→ **Available data**:
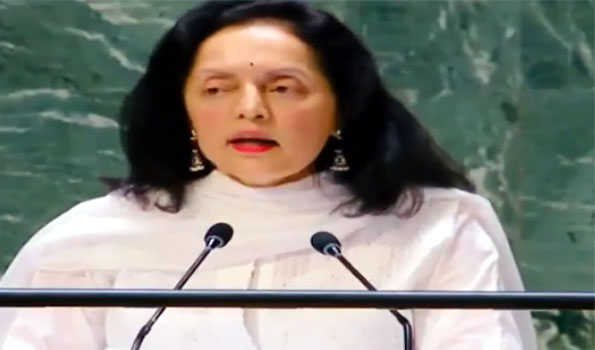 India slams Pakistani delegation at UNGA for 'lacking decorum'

--

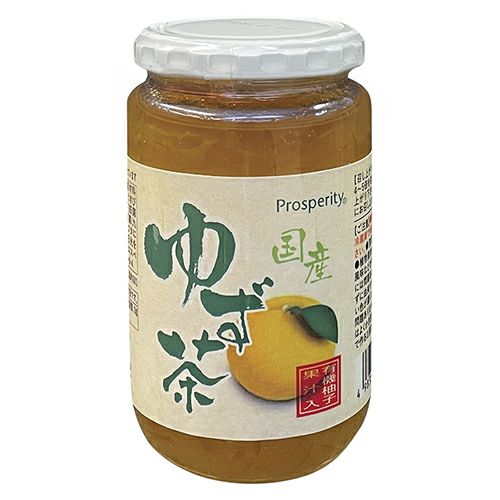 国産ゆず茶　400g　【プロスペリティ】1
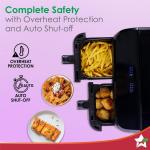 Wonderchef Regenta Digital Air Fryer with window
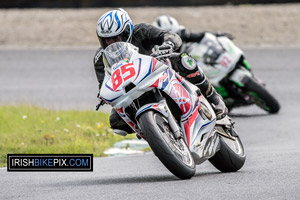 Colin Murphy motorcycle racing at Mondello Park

→ **Aim of the exercise**:
Copy out exactly the lines above beginning with the line that contains "Wonderchef Regenta Digital" and finishing with the line that contains "Colin Murphy motorcycle", including both; leave the pictures out.

→ **Answer to this problem**:
 Wonderchef Regenta Digital Air Fryer with window
 Colin Murphy motorcycle racing at Mondello Park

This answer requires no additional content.